Food handling and preparation practices are the last line of defense for preventing infection from E. coli O157:H7 and other foodborne pathogens. The following actions can help ensure the safety of the food you serve. They are especially important if you or those you are serving are at risk for foodborne illness. The groups at highest risk include pregnant women and infants, children, the elderly and immuno-compromised individuals.

  • Wash hands thoroughly before working with food and after using the toilet, changing diapers, handling animals or helping people who have diarrhea.
  • Thoroughly wash raw fruits and vegetables just before preparing or eating them. This not only helps remove dirt, bacteria and stubborn garden pests, but it also helps remove residual pesticides. Separate and individually rinse the leaves of spinach and lettuce. Peel potatoes, carrots, yams and other root vegetables, or clean them well with a firm scrub brush under lukewarm running water. Pat dry with paper towels.
  • Clean and sanitize cutting boards, utensils and surface areas used to prepare any raw food before using them to prepare another product, especially if that food will be eaten raw.
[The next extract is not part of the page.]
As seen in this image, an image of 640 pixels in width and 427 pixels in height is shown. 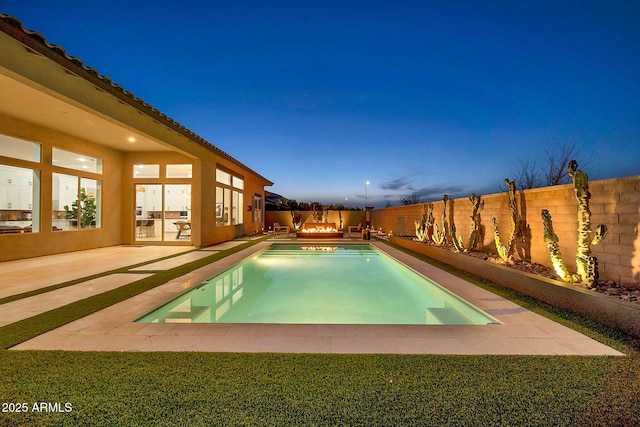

Use 3/4 teaspoon of chlorine bleach per quart.
  • Avoid cross-contamination between raw and cooked foods. Store fresh meat below produce in the refrigerator. Never place cooked meat on an unwashed plate that held raw meat.
  • Cook ground meats thoroughly to 160 degrees F. Check the internal temperature with a thermometer.
  • Don’t drink raw milk. Also, avoid unpasteurized juices or ciders.
  • Use only safe, treated water.
  • Refrigerate leftovers promptly.

Rinsing some produce, such as leafy greens, with a vinegar solution (1/2 cup distilled white vinegar per 2 cups water) followed by a clean water rinse has been shown to reduce bacterial contamination but may affect the taste.